Problem description: Retype exactly the lines from the one that contains "MELAS patients’ clinical information" through the end of the listing, both included, but not the pictures.

Supplied material:
------------------------------------

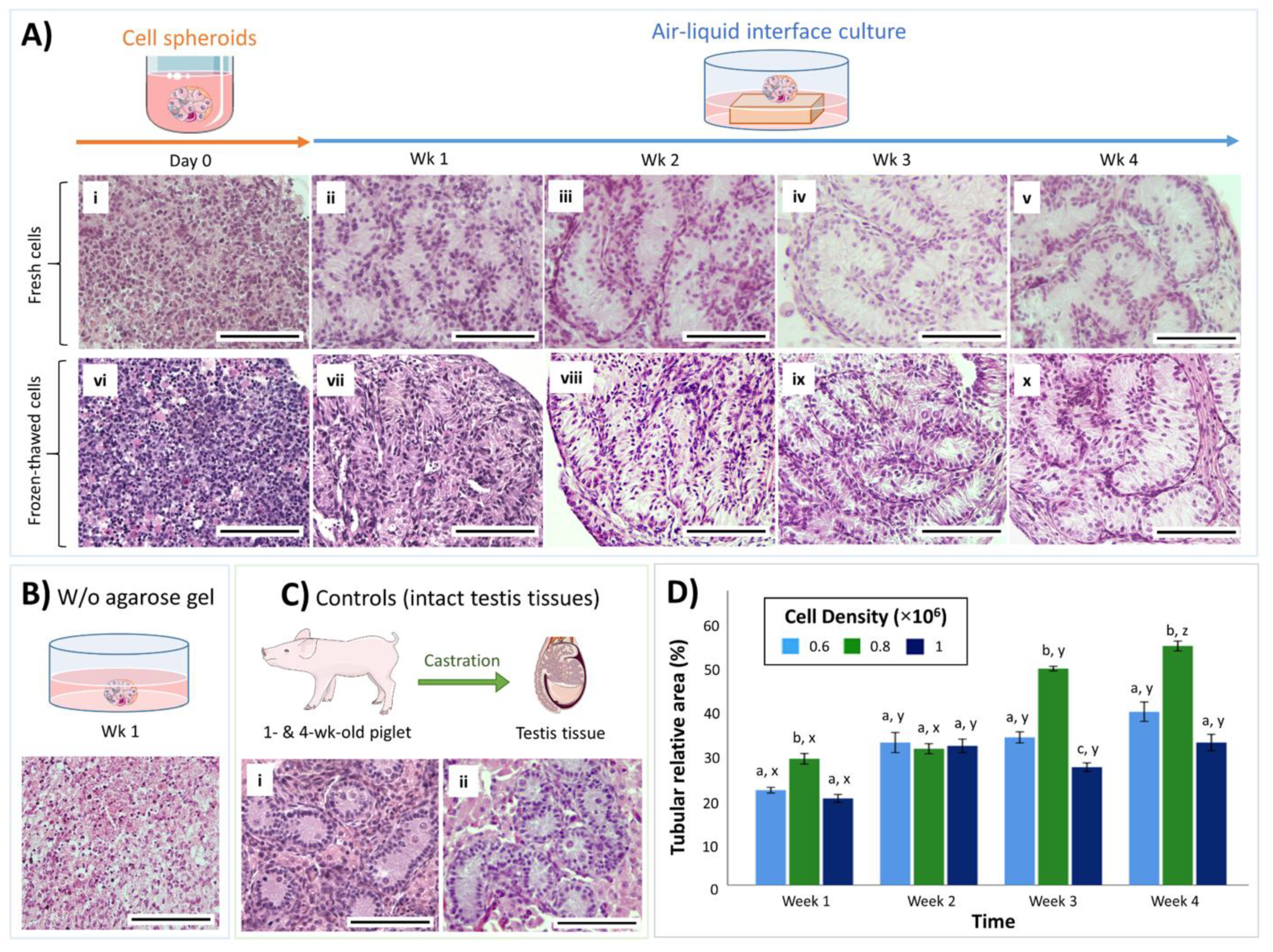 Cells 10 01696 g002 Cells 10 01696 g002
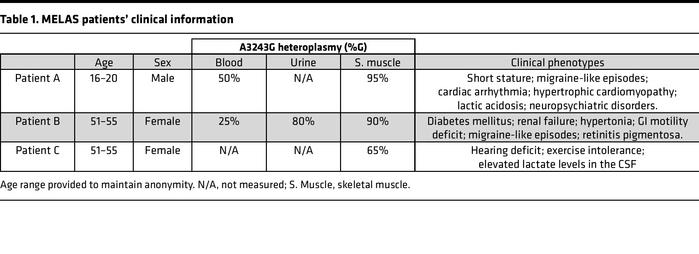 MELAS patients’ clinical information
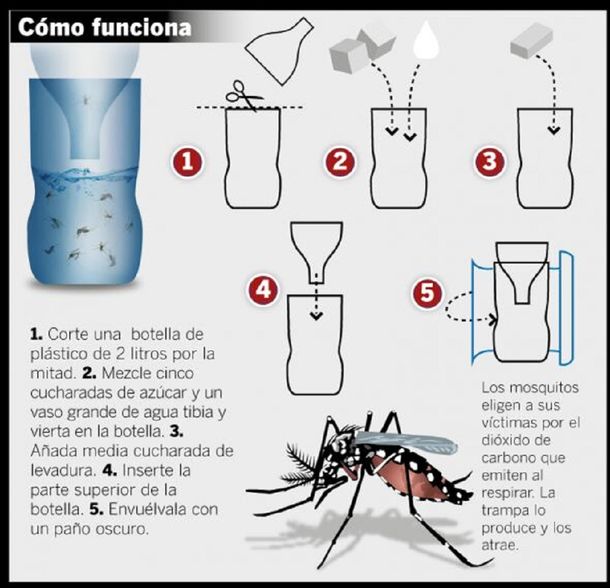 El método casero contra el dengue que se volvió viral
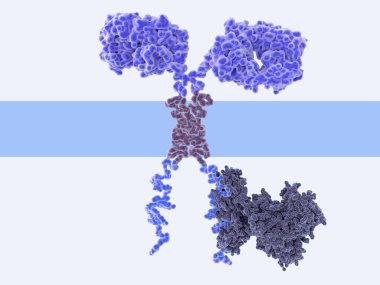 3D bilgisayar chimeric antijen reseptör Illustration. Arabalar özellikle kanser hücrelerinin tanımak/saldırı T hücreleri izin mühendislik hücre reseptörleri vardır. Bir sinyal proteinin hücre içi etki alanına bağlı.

------------------------------------

Expected output:
 MELAS patients’ clinical information
 El método casero contra el dengue que se volvió viral
 3D bilgisayar chimeric antijen reseptör Illustration. Arabalar özellikle kanser hücrelerinin tanımak/saldırı T hücreleri izin mühendislik hücre reseptörleri vardır. Bir sinyal proteinin hücre içi etki alanına bağlı.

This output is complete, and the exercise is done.